Thing 21: Promoting yourself
October 3, 2011
This Thing couldn’t have come at a more appropriate time, as I continue to job search and interview. Additionally, SLA’s Information Outlook issue this month is about Advocating for Librarians (discussed further in Thing 16 ). I agree that this is critical–it is not “boasting” or egotism, but just showing the value of what we do.
I really like Part 1 of this Thing, which asks you to focus on things which you have and haven’t liked in your life and work. Over the course of my career, I have realized that although I like independent and detailed work, I really enjoy interaction with our patrons. Customer service/user experience and marketing have developed into interests for me, and I am hoping to find a position that will allow me to continue to explore these aspects of librarianship. I also enjoy working as part of an effective team; even if I am a “department of one”, no one is really an island as far as information work goes. If you don’t have a team that works well together with respect and appreciation, then your institution suffers, and therefore your patrons. Finally, I feel that a place that respects work/life balance is invaluable to my happiness. I have no problem working hard while at work, and even at home when necessary, if I feel that I have been enabled with enough time to also be an effective wife and mother. Being a mom is the most important job I have ever had, so I need a workplace that understands that.
I have an effective resume, thanks to the fact that my husband’s company provided me with assistance in updating my resume 4 years ago. Resumes are very different today than they were 15 years ago; my advice is to be sure that you take a look at current formats and update your accordingly. Help at your local library or in resume preparation books will be invaluable in showcasing your accomplishments effectively and in a more modern way.

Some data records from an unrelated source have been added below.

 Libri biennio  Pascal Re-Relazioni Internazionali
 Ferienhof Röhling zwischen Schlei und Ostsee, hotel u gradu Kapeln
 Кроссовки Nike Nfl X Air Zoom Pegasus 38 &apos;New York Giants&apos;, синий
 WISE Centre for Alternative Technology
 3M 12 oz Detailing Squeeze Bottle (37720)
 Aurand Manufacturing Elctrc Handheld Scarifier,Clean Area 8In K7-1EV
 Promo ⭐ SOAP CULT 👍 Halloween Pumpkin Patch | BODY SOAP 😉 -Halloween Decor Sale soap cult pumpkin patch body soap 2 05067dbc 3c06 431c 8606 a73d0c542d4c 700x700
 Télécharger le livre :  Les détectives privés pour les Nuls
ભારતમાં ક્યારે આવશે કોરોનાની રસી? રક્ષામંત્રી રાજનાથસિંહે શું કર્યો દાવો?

For Part 3–the interview process!!! If you are fortunate enough to get an interview, I agree that it is most important to PREPARE, PREPARE, PREPARE!!! Go to websites that give sample questions, or think of questions you yourself have asked. Tailor your answers to focus on your accomplishments. Use examples that reflect the requirements in the job description. Be honest and true to yourself and personality. I like to go into an interview with the attitude that it is a good learning experience, and I find it fun and stimulating to meet new people and hear about the job possibilities out there. I practice my responses a lot, since I tend to be chatty, and try to concentrate on being concise and succinct. I ask lots of questions as well–if you don’t have any questions about the position, then the position is really not for you.

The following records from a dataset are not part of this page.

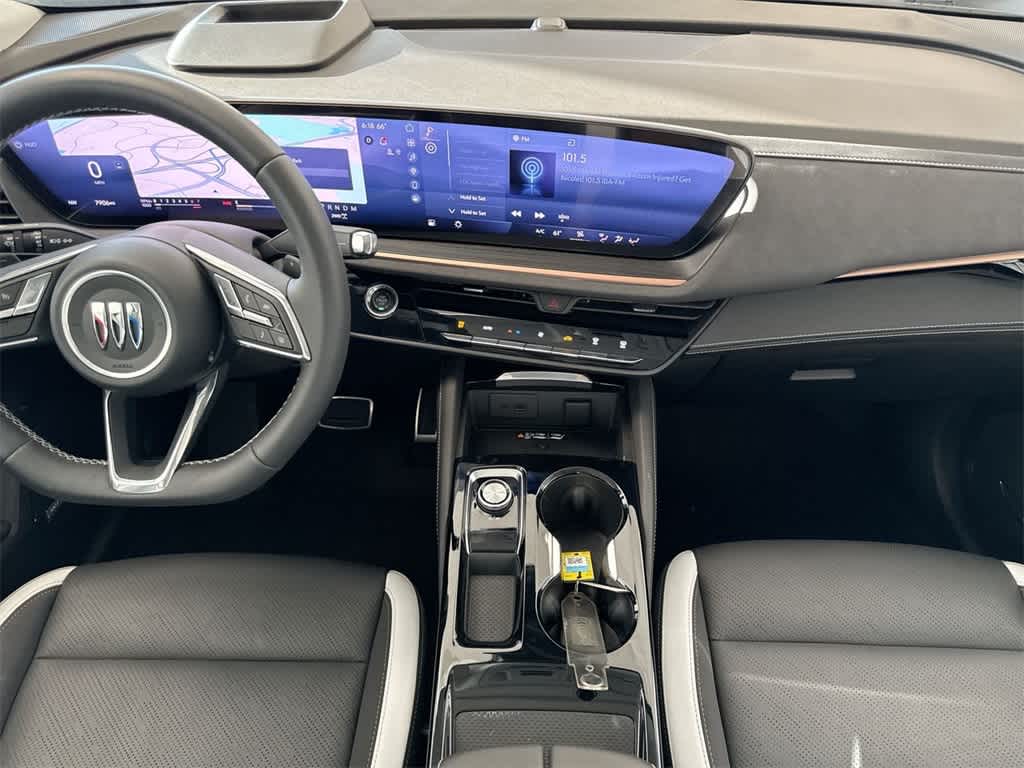 Thumbnail: 2025 Buick Envision - 29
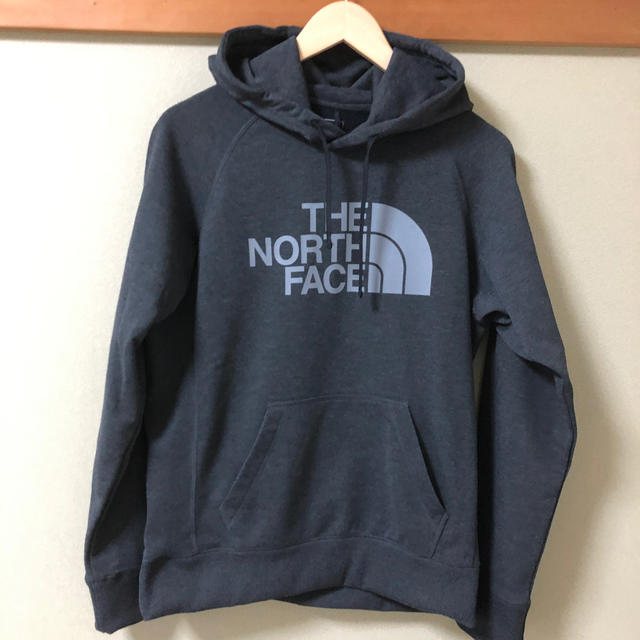 在庫処分！The North Face パーカー size Ｌメンズ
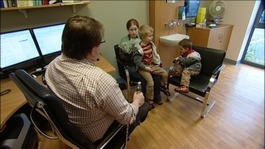 GP surgery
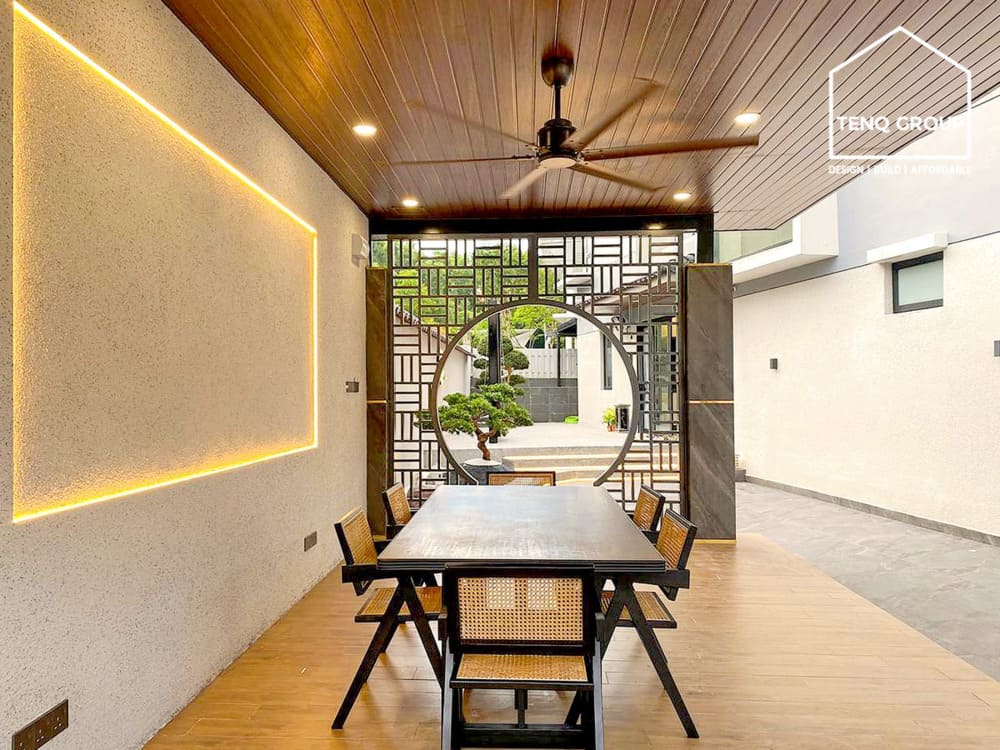 Tips for bungalow house design in Malaysia
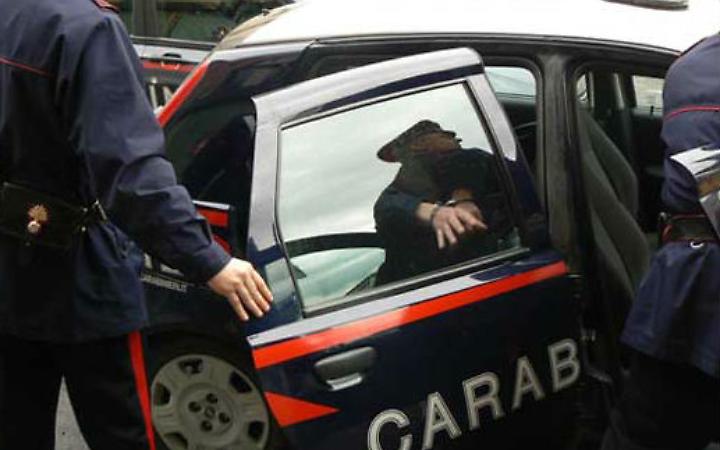 Truffa del finto nipote, 22enne in manette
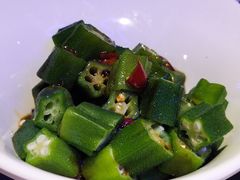 秋葵-蛙功夫(福州仓山万达店)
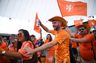 VM-feber: Holland holder kæmpe fest i Houston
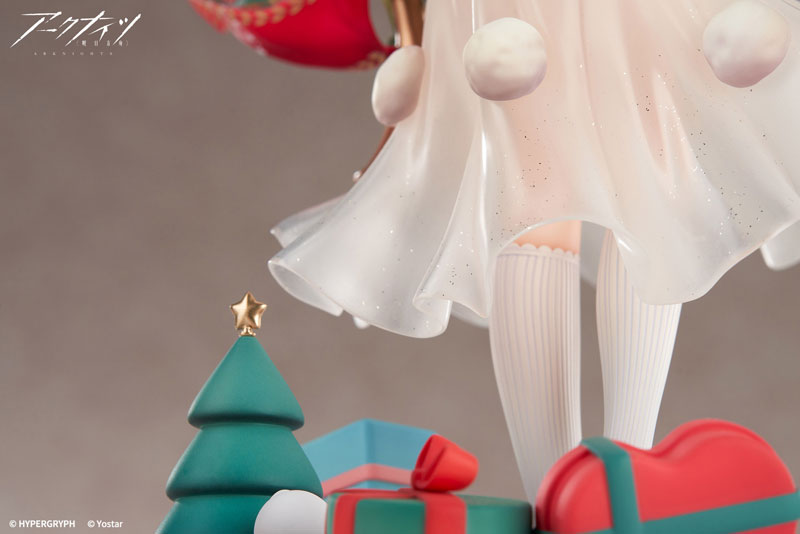 PRE-ORDER Apex - Arknights - Goldenglow: Maiden For The Bright Night Ver. 1/7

If you have an interview, take the time to evaluate it after the fact. Think about what you felt while there, and how you feel you would fit into the workplace. I had an interview several months ago where the interviewers were very friendly and open, but I could tell the minute I walked into the supervisor’s office that working with him would be impossible. The office was completely unorganized and a huge mess, and, having worked for someone like that before, I knew in my gut it wouldn’t be a good fit. I recently had an interview that left me with a great impression in many ways, and the job itself excited me more and more as time went on. Trust your feelings and be discerning.
Remember that if you have a passion for information work and are open and flexible, you will be a good employee and a good asset to the job. Find the best ways to get that across, and you will eventually find something that will work with your life and give you a great level of satisfaction.